Start of Study material
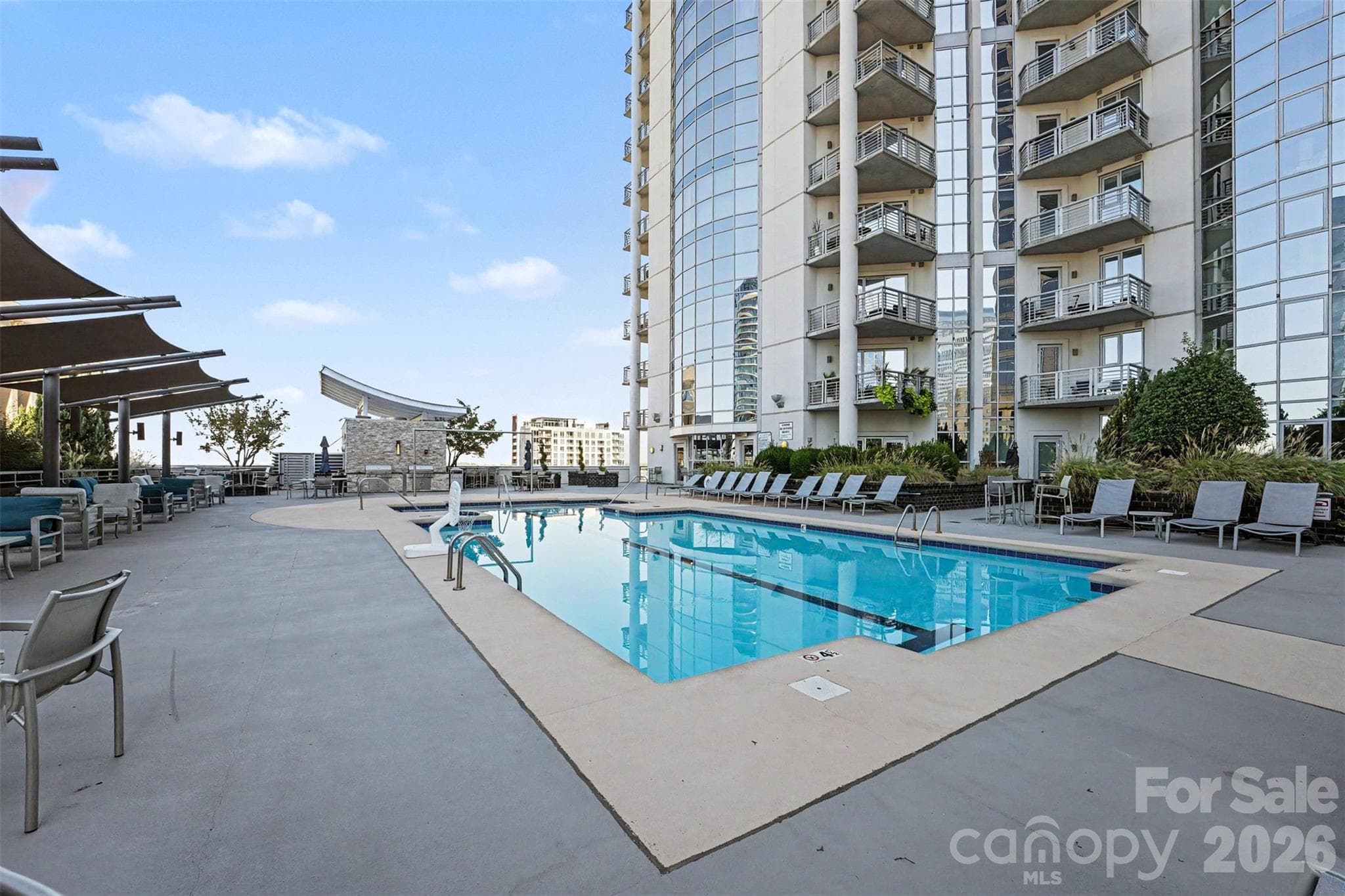 Pool - 333 W Trade Street, Charlotte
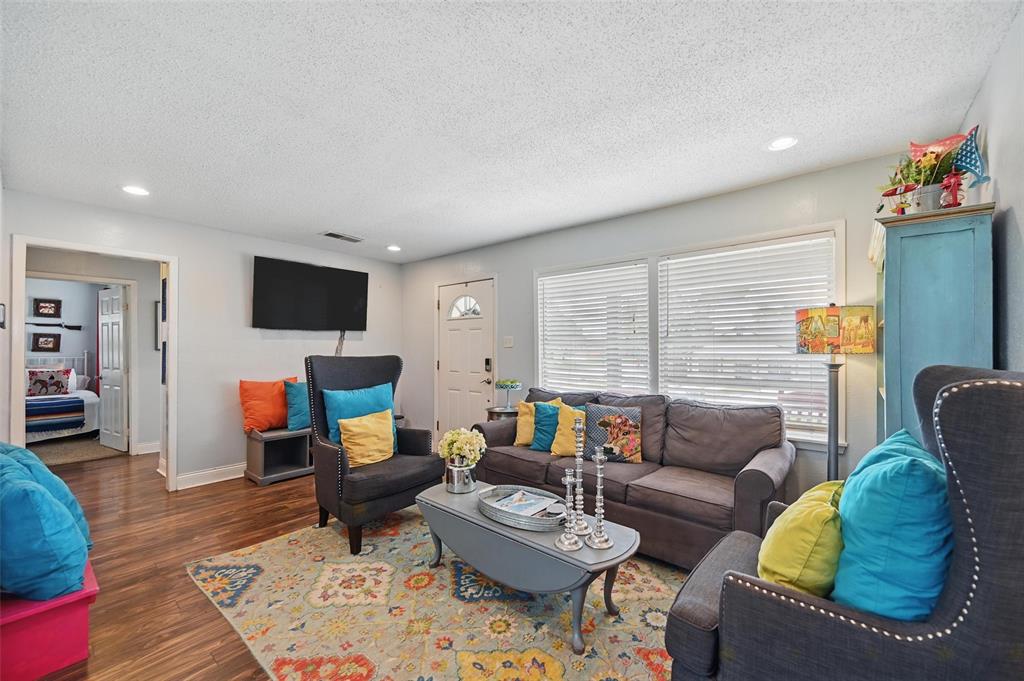 Chamberlain Arlington Heights 1st - Residential Lease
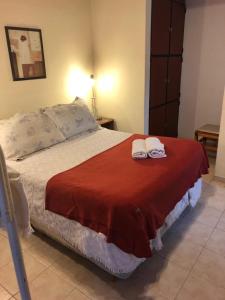 Łóżko lub łóżka w pokoju w obiekcie El Retorno Hostel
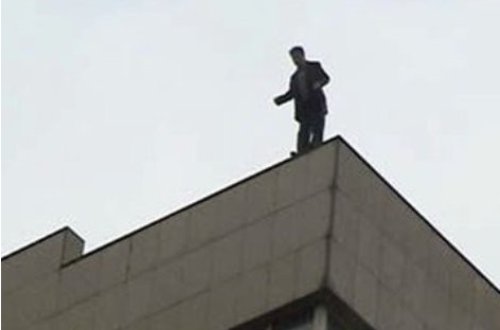 Sumqayıtda intihara cəhdin qarşısı alındı - özünü binadan atmaq İSTƏYİRMİŞ...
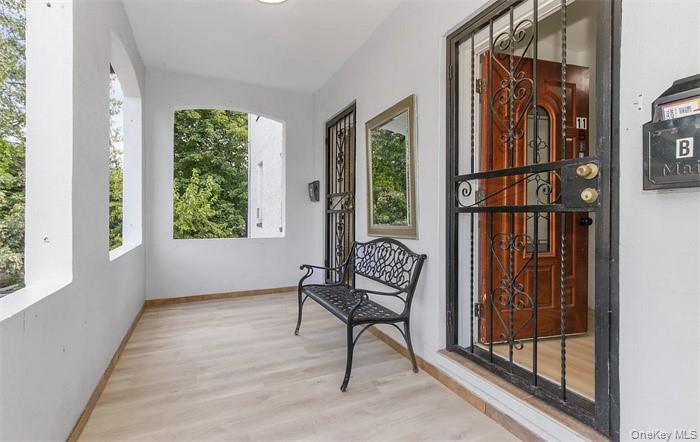 #4 photo, 11 Floyd Place, Great Neck , NY 11024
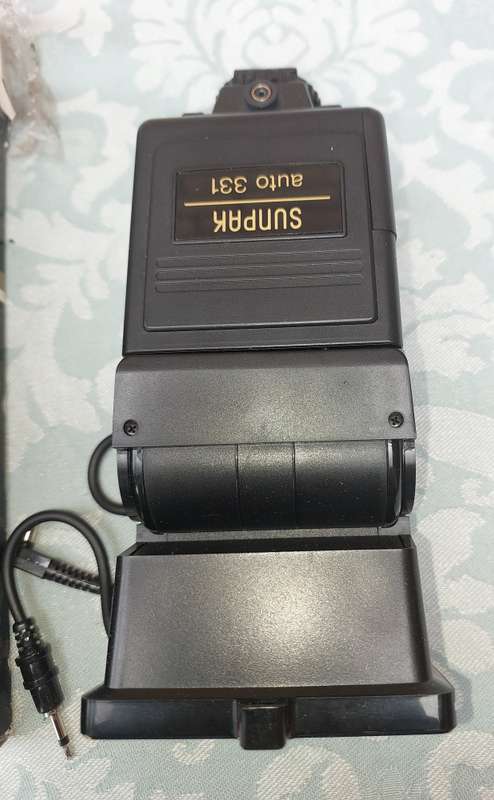 A VINTAGE SUNPAK 331 AUTO FLASH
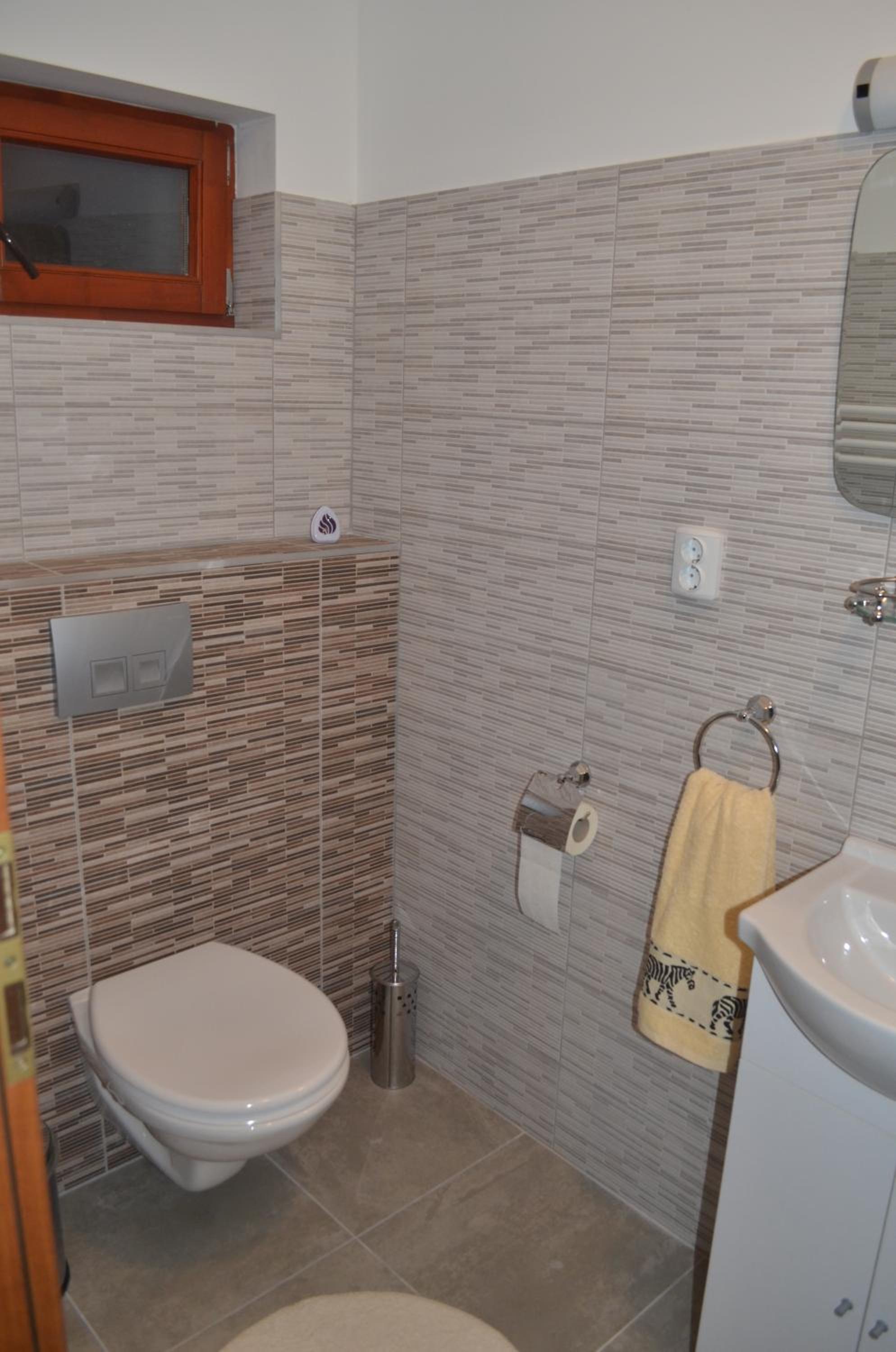 Double or Twin Room with Private Bathroom - Photo 12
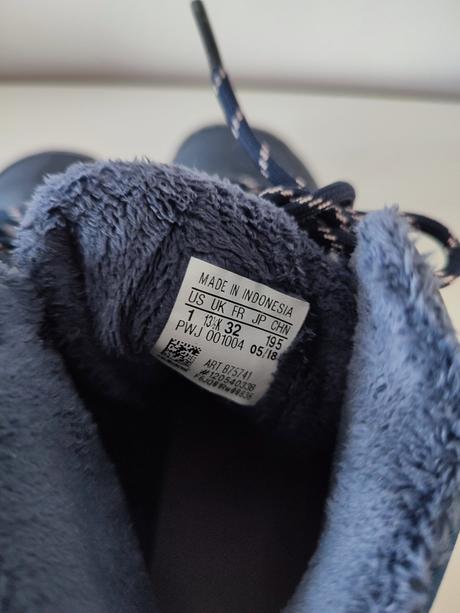 Zateplené kotníkové tenisky, adidas,32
End of Study material
→ What you should do
Give again, word for word, the line containing "Łóżko lub łóżka" and every line after it to the end of the records; leave out the pictures.

→ Result of this exercise
 Łóżko lub łóżka w pokoju w obiekcie El Retorno Hostel
 Sumqayıtda intihara cəhdin qarşısı alındı - özünü binadan atmaq İSTƏYİRMİŞ...
 #4 photo, 11 Floyd Place, Great Neck , NY 11024
 A VINTAGE SUNPAK 331 AUTO FLASH
 Double or Twin Room with Private Bathroom - Photo 12
 Zateplené kotníkové tenisky, adidas,32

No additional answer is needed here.